■ Task
Your answer must be an exact copy of the entries, containing no images.

■ Data excerpts
*** Block opens ***

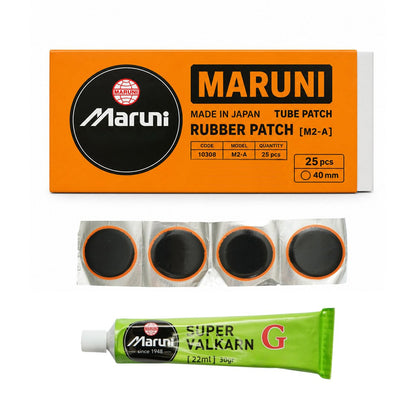 25 darabos 40mm-es kerek vulkanizálási folt készlet + 1 tubus Super Valcarn G 22ml ragasztó légkamrákhoz M2-A Maruni made in Japan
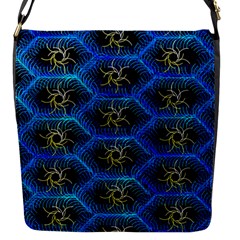 Blue Bee Hive Pattern- Flap Closure Messenger Bag (s) by Amaryn4rt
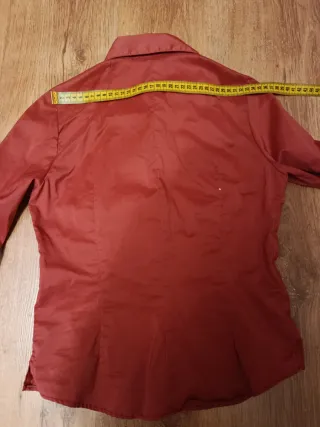 Camisa burdeos TEX manga larga mujer talla 38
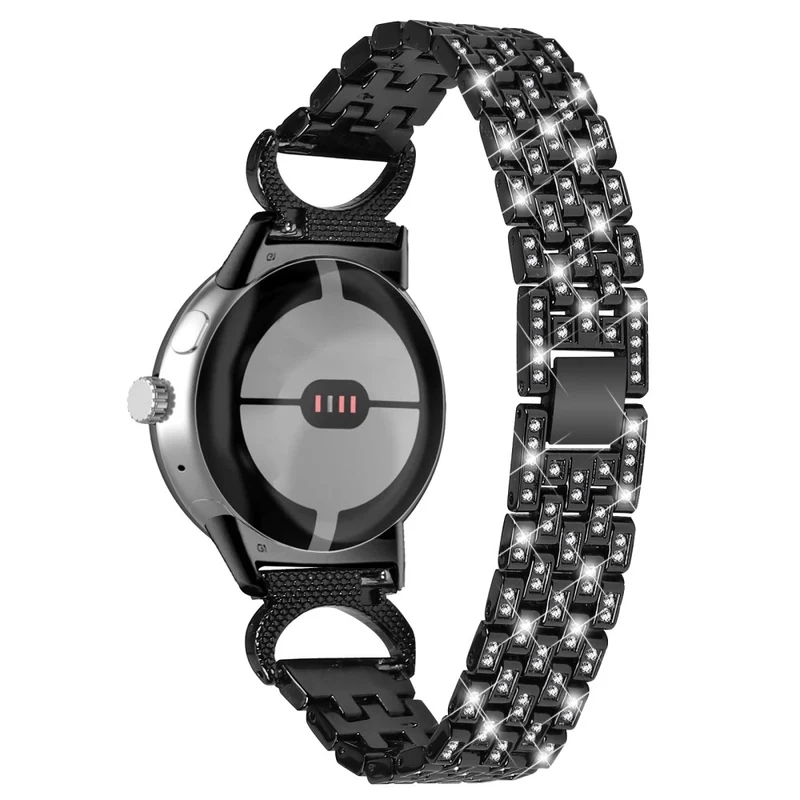 Stilvoll Google Pixel Watch Metall Und Strass Armband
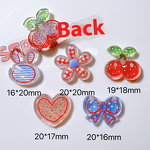 Resin Accessories Factory - OEM DIY Craft Red Plaid Flower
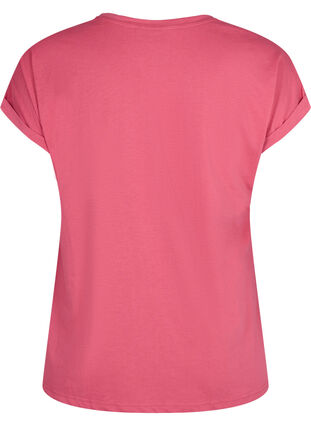Short sleeved cotton blend t-shirt, Rasperry Pink, Packshot image number 1
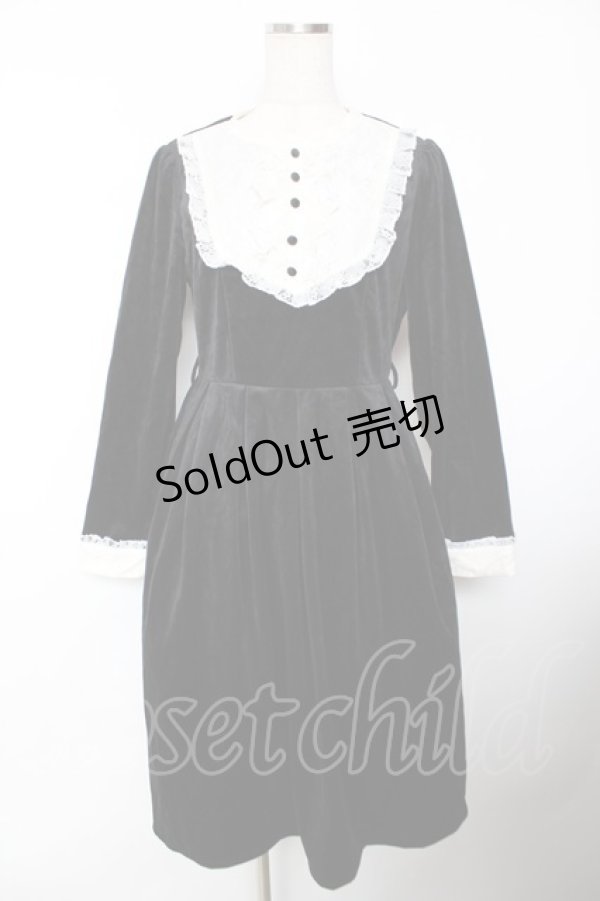 画像1: axes femme / ヨーク切替ベロアワンピース F 黒 Y-25-12-04-125-AX-OP-SZ-ZY (1)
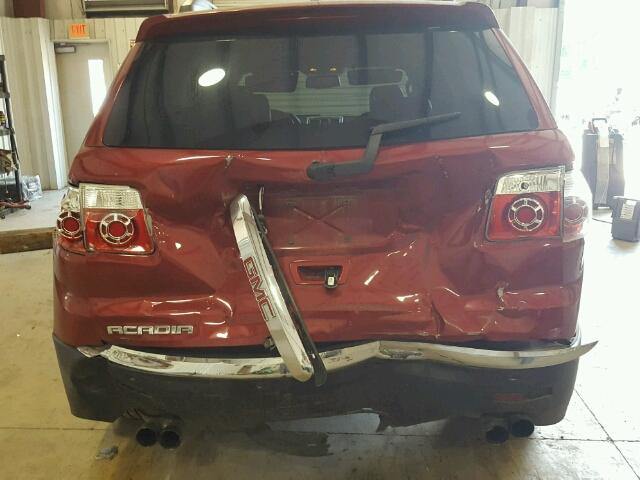 1GKKRRED6CJ323275 - 2012 GMC ACADIA SLT მუქწითელი ფოტო 9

*** Block closes ***

■ Answer area
 25 darabos 40mm-es kerek vulkanizálási folt készlet + 1 tubus Super Valcarn G 22ml ragasztó légkamrákhoz M2-A Maruni made in Japan
 Blue Bee Hive Pattern- Flap Closure Messenger Bag (s) by Amaryn4rt
 Camisa burdeos TEX manga larga mujer talla 38
 Stilvoll Google Pixel Watch Metall Und Strass Armband
 Resin Accessories Factory - OEM DIY Craft Red Plaid Flower
Short sleeved cotton blend t-shirt, Rasperry Pink, Packshot image number 1
 画像1: axes femme / ヨーク切替ベロアワンピース F 黒 Y-25-12-04-125-AX-OP-SZ-ZY (1)
 1GKKRRED6CJ323275 - 2012 GMC ACADIA SLT მუქწითელი ფოტო 9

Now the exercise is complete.